#### [SOURCE INFORMATION]
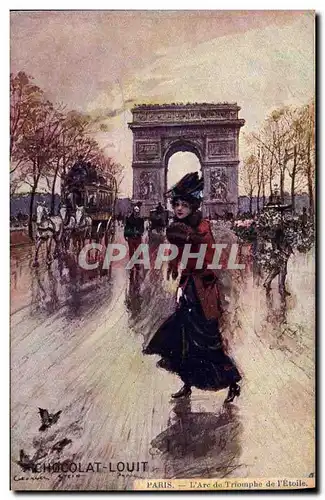 Ansichtskarte AK Fantaisie Illustrateur Stein Paris L&#39Arc de Triomphe de l&#39Etoile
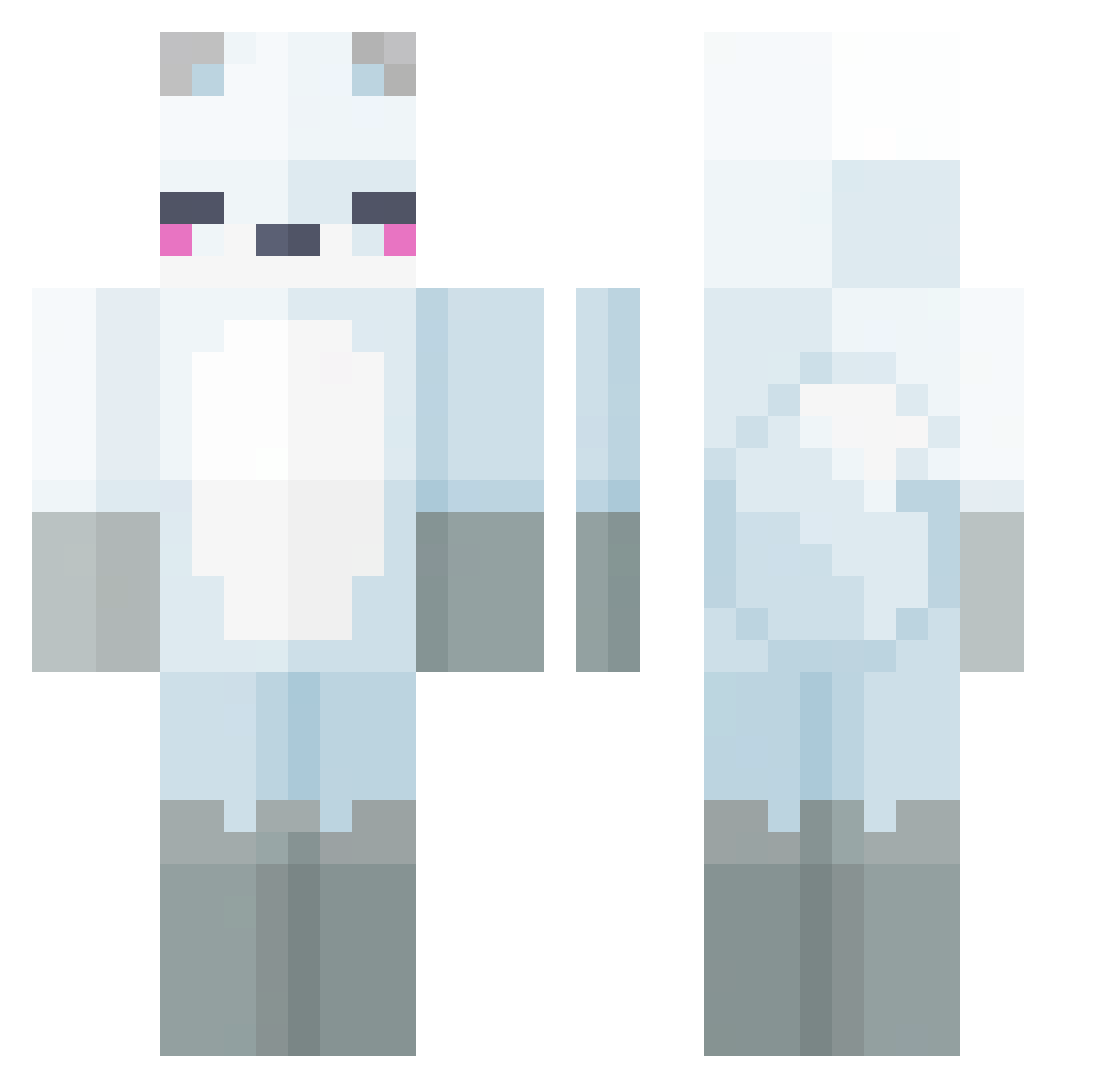Farahhh_ Minecraft skin, front and back view
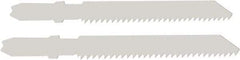 Disston - 3-1/2" Long, 12 Teeth per Inch, Bi-Metal Jig Saw Blade - Toothed Edge, 0.06" Thick, U-Shank, Raker Tooth Set - Benchmark Tooling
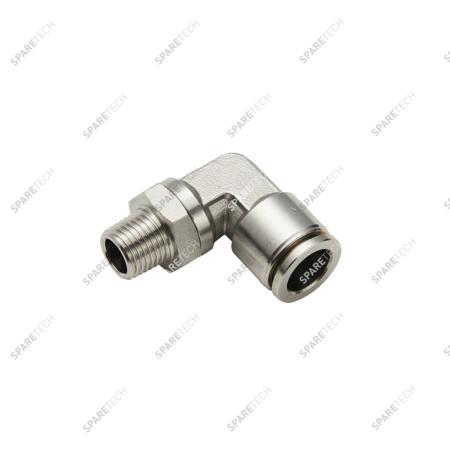 Elbow, stainless steel, M1/4" for 10-12mm hose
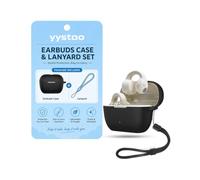 yystao Funda para auriculares Sennheiser Accentum Clip con clip, funda de silicona suave con cordón, resistente a golpes y arañazos, bolsa de almacenamiento, color negro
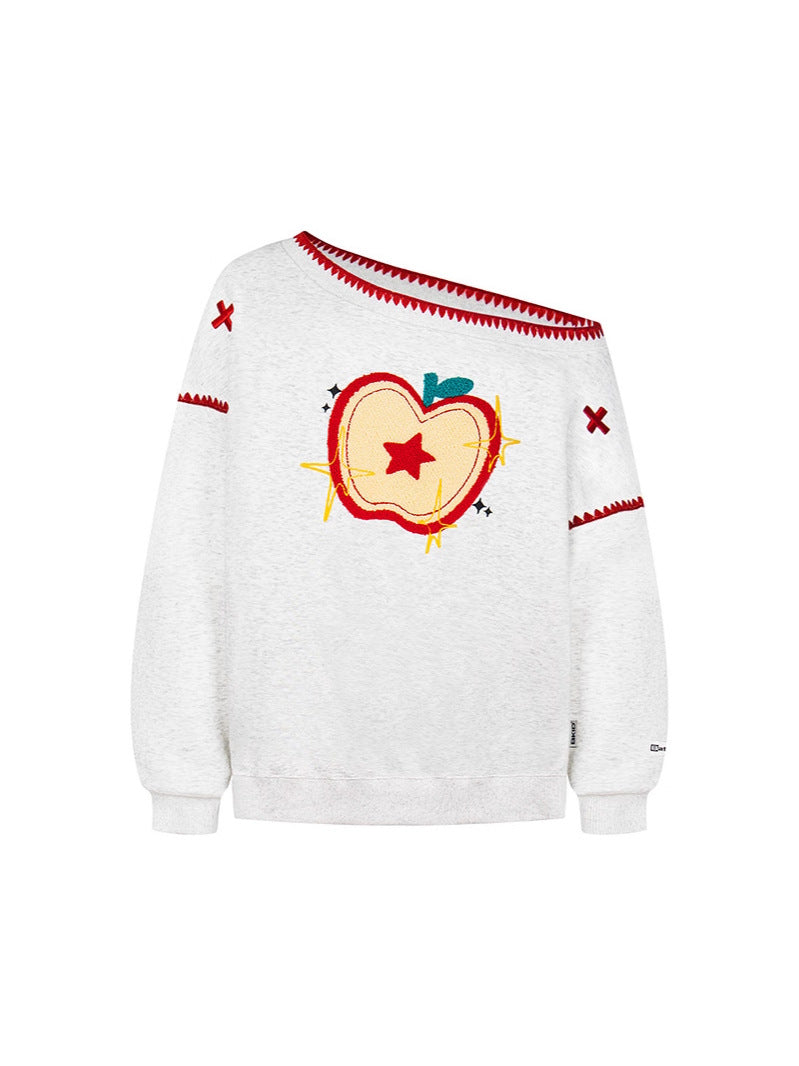 Womens Casual Pullover Sweatshirt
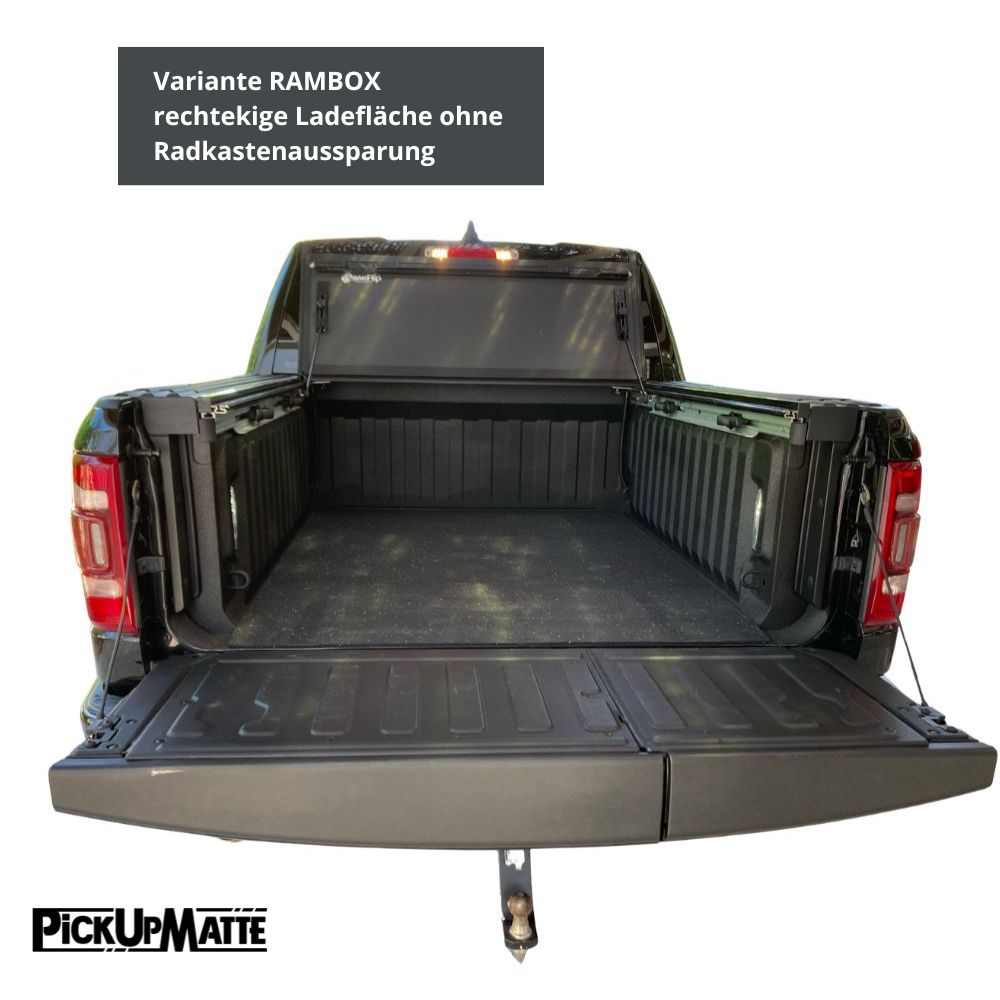 Antirutschmatte für Dodge Ram 1500, 4. Generation, 2009-2018  – passgenauer Laderaumschutz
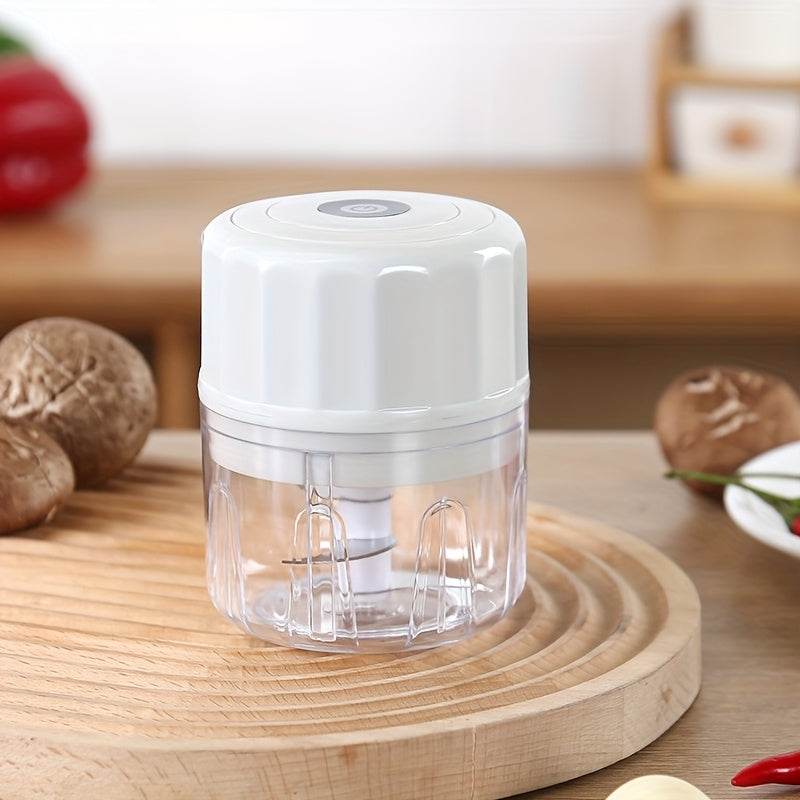 Mini Food Processor10.14oz, Meat Grinder, Small Food Processor Mini With 3 Stainless Blades, Electric Food Chopper Suitable For Meat, Vegetables, Fruits00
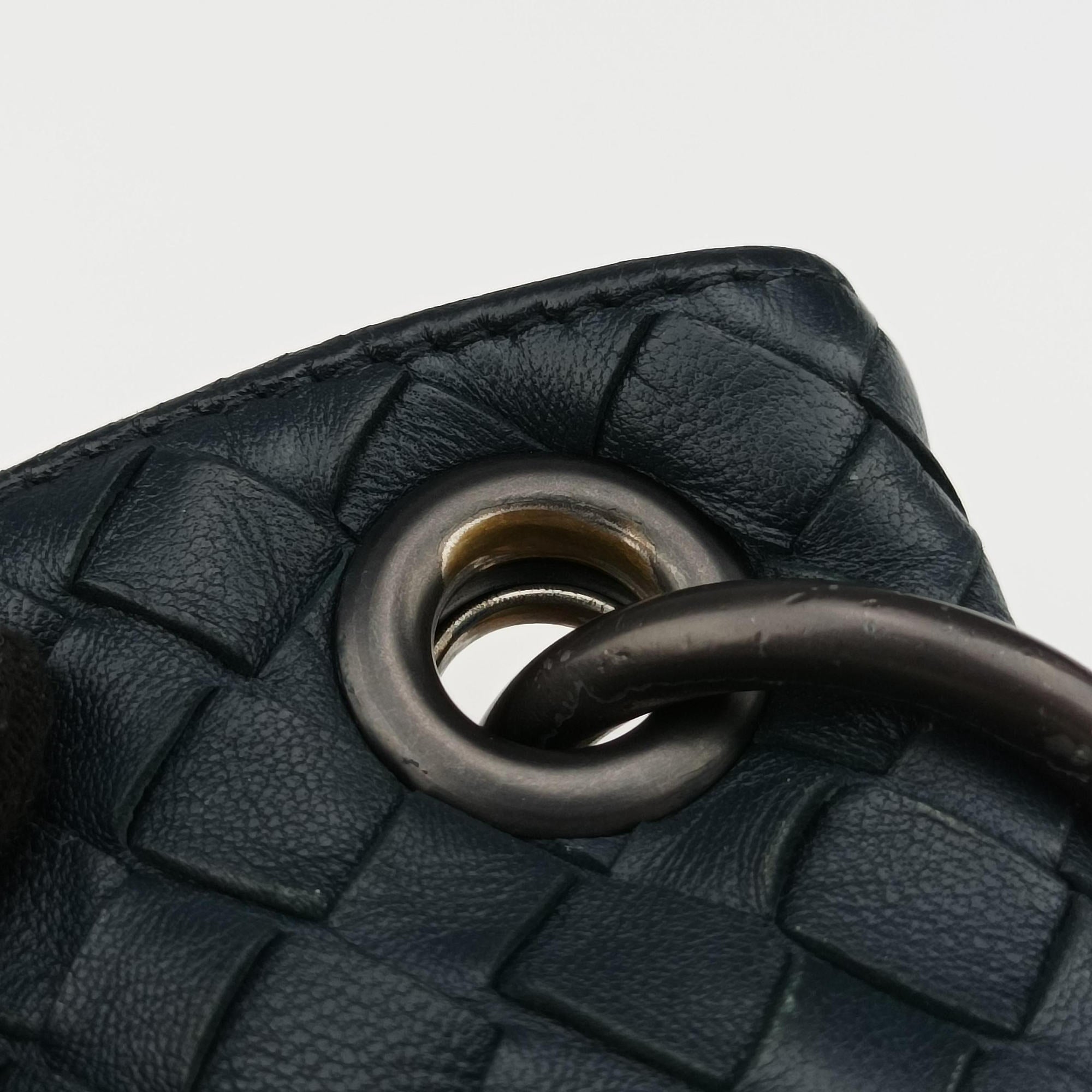 Pre-owned Bottega Veneta Intrecciato Blue lambskin  shoulderbag | stylenewstar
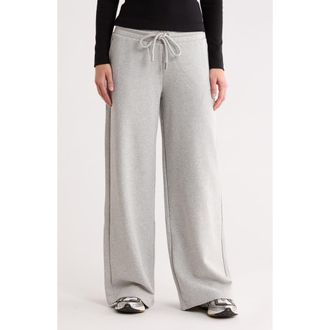 Off-white Wide Leg Sweatpants in Medium Grey Heather at Nordstrom Rack, Size X-Large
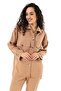 Women's Shirt Trousers Beige Double Set - 2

#### [TO DO]
Word for word, output the whole listing, but not its pictures.

#### [OUTPUT FOR THIS EXERCISE]
 Ansichtskarte AK Fantaisie Illustrateur Stein Paris L&#39Arc de Triomphe de l&#39Etoile
Farahhh_ Minecraft skin, front and back view
 Disston - 3-1/2" Long, 12 Teeth per Inch, Bi-Metal Jig Saw Blade - Toothed Edge, 0.06" Thick, U-Shank, Raker Tooth Set - Benchmark Tooling
 Elbow, stainless steel, M1/4" for 10-12mm hose
 yystao Funda para auriculares Sennheiser Accentum Clip con clip, funda de silicona suave con cordón, resistente a golpes y arañazos, bolsa de almacenamiento, color negro
 Womens Casual Pullover Sweatshirt
 Antirutschmatte für Dodge Ram 1500, 4. Generation, 2009-2018  – passgenauer Laderaumschutz
 Mini Food Processor10.14oz, Meat Grinder, Small Food Processor Mini With 3 Stainless Blades, Electric Food Chopper Suitable For Meat, Vegetables, Fruits00
 Pre-owned Bottega Veneta Intrecciato Blue lambskin  shoulderbag | stylenewstar
 Off-white Wide Leg Sweatpants in Medium Grey Heather at Nordstrom Rack, Size X-Large
 Women's Shirt Trousers Beige Double Set - 2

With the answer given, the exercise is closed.